Ingest MQTT Data into Amazon S3
Amazon S3 is an internet-based storage service known for its high reliability, stability, and security, allowing for rapid deployment and ease of use. EMQX Platform is capable of efficiently storing MQTT messages into Amazon S3 buckets, enabling flexible Internet of Things (IoT) data storage functionalities.
This page provides a detailed introduction to the data integration between EMQX Platform and Amazon S3 and offers practical guidance on the rule and Sink creation.
How It Works
Amazon S3 data integration in EMQX Platform is a ready-to-use feature that can be easily configured for complex business development. In a typical IoT application, EMQX Platform acts as the IoT platform responsible for device connectivity and message transmission, while Amazon S3 serves as the data storage platform, handling message data storage.
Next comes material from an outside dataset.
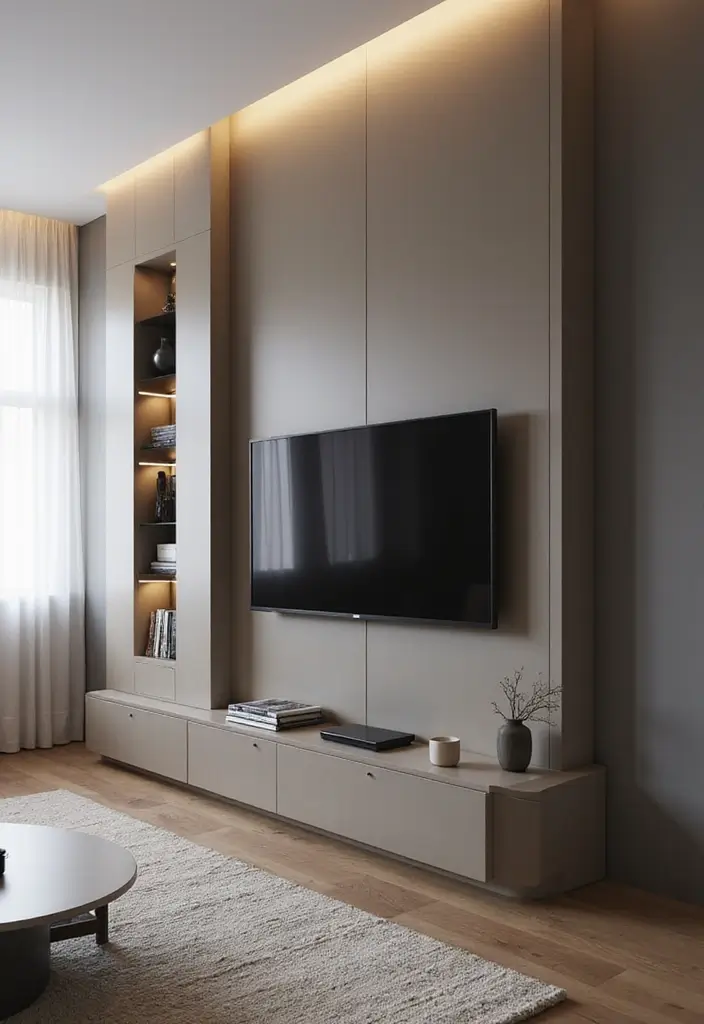 27 Living Room TV Cabinet Designs That Are Functional and Stylish - 25. Minimalist Wall Panels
EMQX Platform utilizes rules and Sinks to forward device events and data to Amazon S3. Applications can read data from Amazon S3 for further data applications. The specific workflow is as follows:
- Device Connection to EMQX Platform: IoT devices trigger an online event upon successfully connecting via the MQTT protocol. The event includes device ID, source IP address, and other property information.
- Device Message Publishing and Receiving: Devices publish telemetry and status data through specific topics. EMQX Platform receives the messages and compares them within the rules engine.
- Rules Engine Processing Messages: The built-in rules engine processes messages and events from specific sources based on topic matching. It matches corresponding rules and processes messages and events, such as data format transformation, filtering specific information, or enriching messages with context information.
- Writing to Amazon S3: The rule triggers an action to write the message to S3. Using the Amazon S3 Sink, users can extract data from processing results and send it to S3. Messages can be stored in text or binary format, or multiple lines of structured data can be aggregated into a single CSV file, depending on the message content and the Sink configuration.
After events and message data are written to Amazon S3, you can connect to Amazon S3 to read the data for flexible application development, such as:
- Data archiving: Store device messages as objects in Amazon S3 for long-term preservation to meet compliance requirements or business needs.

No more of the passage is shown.